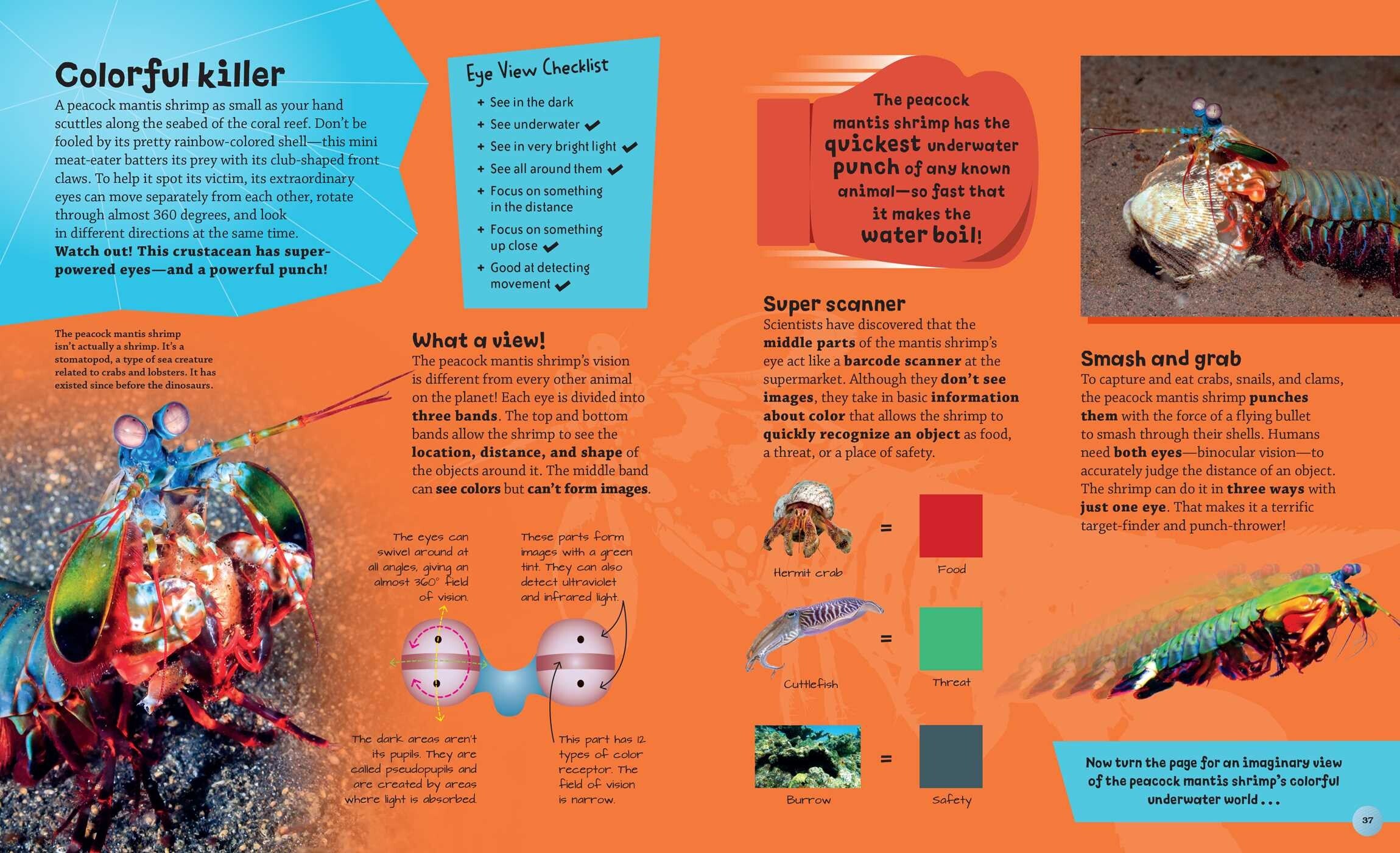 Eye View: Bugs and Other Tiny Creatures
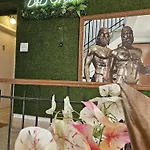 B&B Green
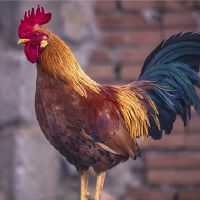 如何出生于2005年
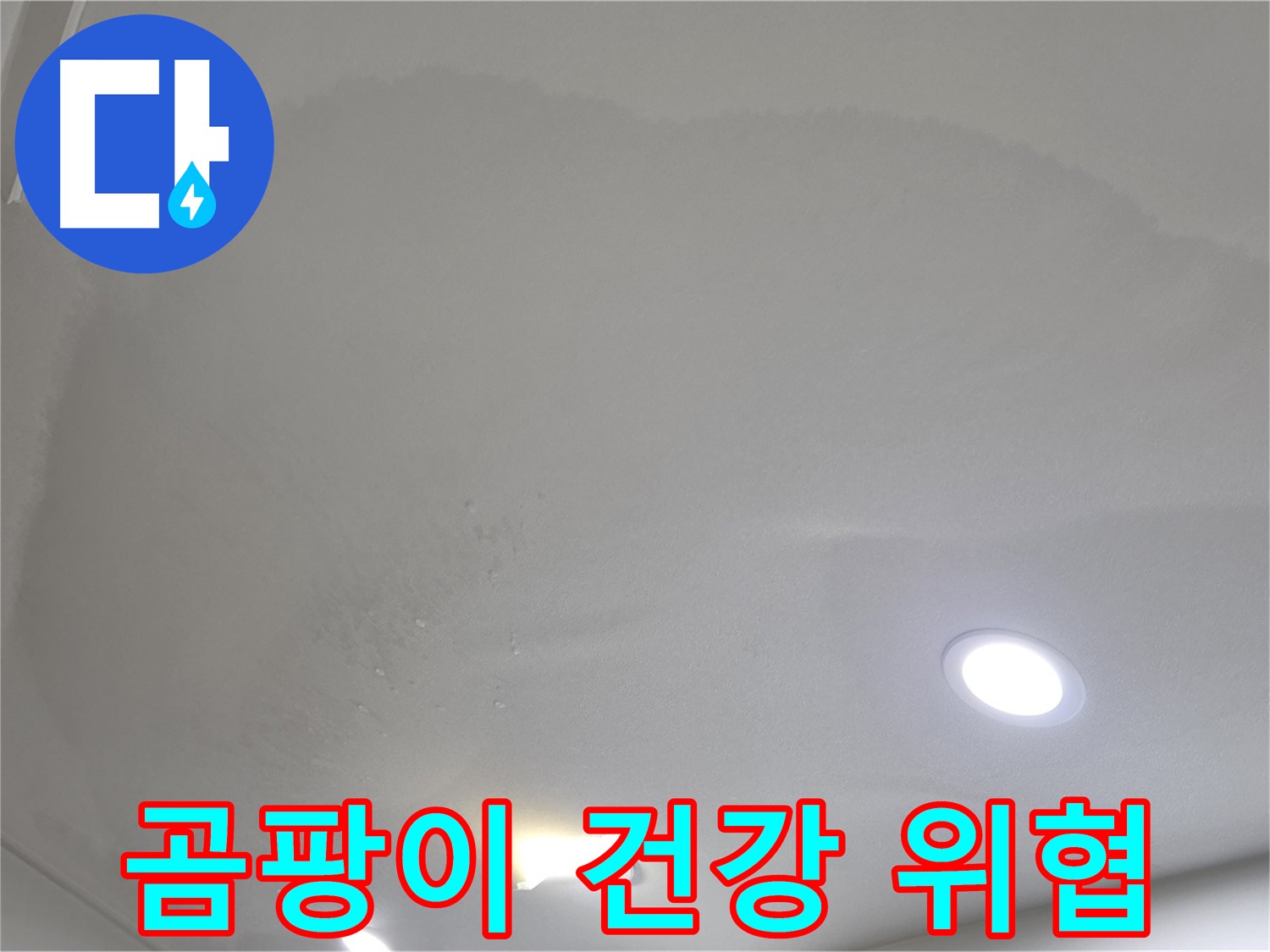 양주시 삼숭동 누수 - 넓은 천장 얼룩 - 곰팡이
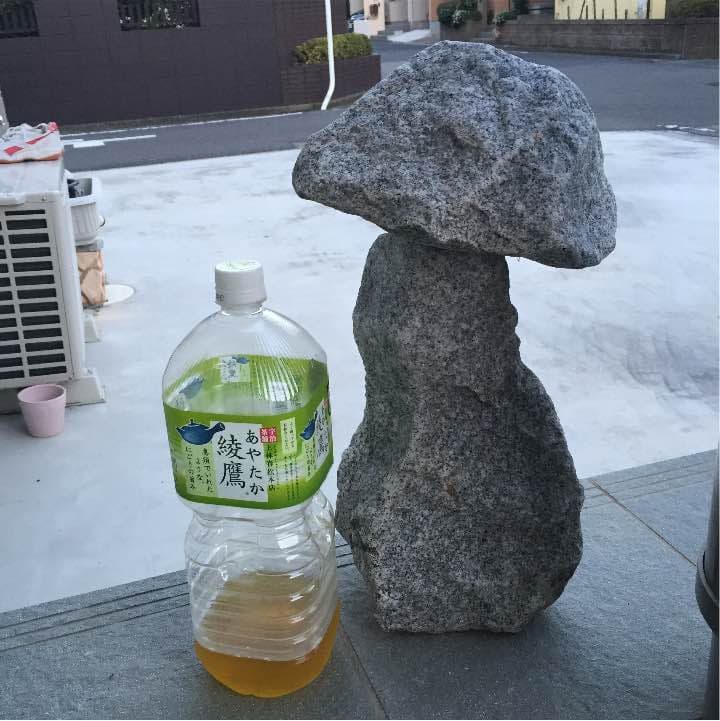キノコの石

_ _ _ _ _ _ _

- YOUR GOAL -
Please write out every entry exactly, but skip the pictures.

- TASK RESPONSE -
 Eye View: Bugs and Other Tiny Creatures
 B&B Green
 如何出生于2005年
 양주시 삼숭동 누수 - 넓은 천장 얼룩 - 곰팡이
キノコの石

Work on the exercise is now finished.